Singer-songwriter-guitarist Bobby Goldsboro produced and wrote some songs for the Boys Next Door, although they penned much of their own material.
Signed to Atco, a division of Atlantic Records in New York, the Boys Next Door released "Mandy" in 1966 and "Begone Girl" in 1967
A third Atco single was aimed at the holiday market. "The Wildest Christmas" was composed by Lester and Bushor, while "Christmas Kiss" was the work of Koss. The Christmas entry didn't make the national charts, but Curran thought enough of the record to keep it in his collection for over four decades.
The Boys Next Door opened for many stars of the period, including the Beach Boys, before they disbanded in late 1967.
Comprised of Gary Loizzo (guitar and lead vocals), Al Ciner (rhythm guitar), Chuck Colbert (bass), Kevin Murphy (keyboards) and Lee Graziano (drums and trumpet), the American Breed became an "overnight sensation."
Midwest fans first paid attention to the group in the summer of 1967 when they issued a psychedelic single called "Step Out of Your Mind." on the Acta label. The song peaked at No. 35, according to the July 17, 1967 edition of the "Hot Happenings Record Guide," printed by Record City in Milwaukee. The American Breed returned with "Don't Forget About Me," but the song stalled at No. 79 on Aug. 21 and 28, 1967.
Thankfully, the band didn't give up, because "Bend Me, Shape Me," their huge hit, came next. Record City's "New Mid-Western 40 plus 40" put the song at No. 2 on Jan. 2, 1968.
"Bend Me, Shape Me," was actually a cover song, first recorded by an all-girl band called Shape. Then, England's Amen Corner introduced the song to the British charts.
Composed by Scott English and Larry Weiss, "Bend Me, Shape Me," was produced by Bill Traut.
With a smash single on their hands, the group rushed to Acta Records in Hollywood for a ten-day stay to assemble an album.

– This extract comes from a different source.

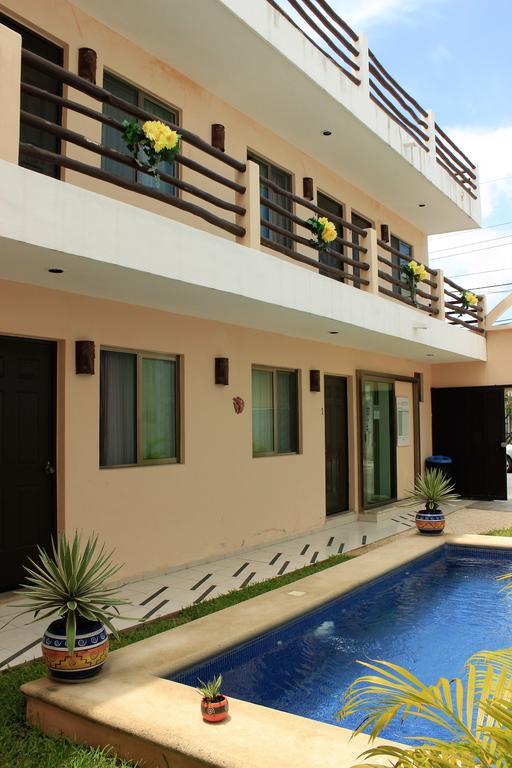 Maya Vacanze Calle 4 Akumal Dış mekan fotoğraf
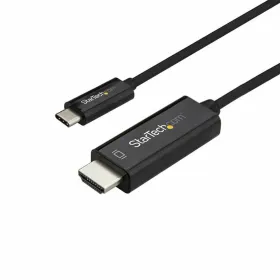 USB C – HDMI adapteris Startech CDP2HD2MBNL          Juoda (2 m)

The 11-track long-player included "Bend Me, Shape Me," "Mindrocker," and "Green Light," which turned out to be their next single.
With appearances all over the country, the American Breed became known for their showmanship. A radio station gig in Louisville, Kentucky drew 40,000 supporters.
Their dance/show in Escanaba drew a smaller crowd, of course, but those young people were just as enthused to hear the group's brassy brand of rock 'n' roll.
The Unbelievable Uglies, Boys Next Door and American Breed generated fans with exciting recordings and live shows.
While the exact dates these three midwestern bands appeared in Escanaba have been obscured by time, other details of their careers remain intact, illustrating the vibrancy of the regional rock 'n' roll scene at the time.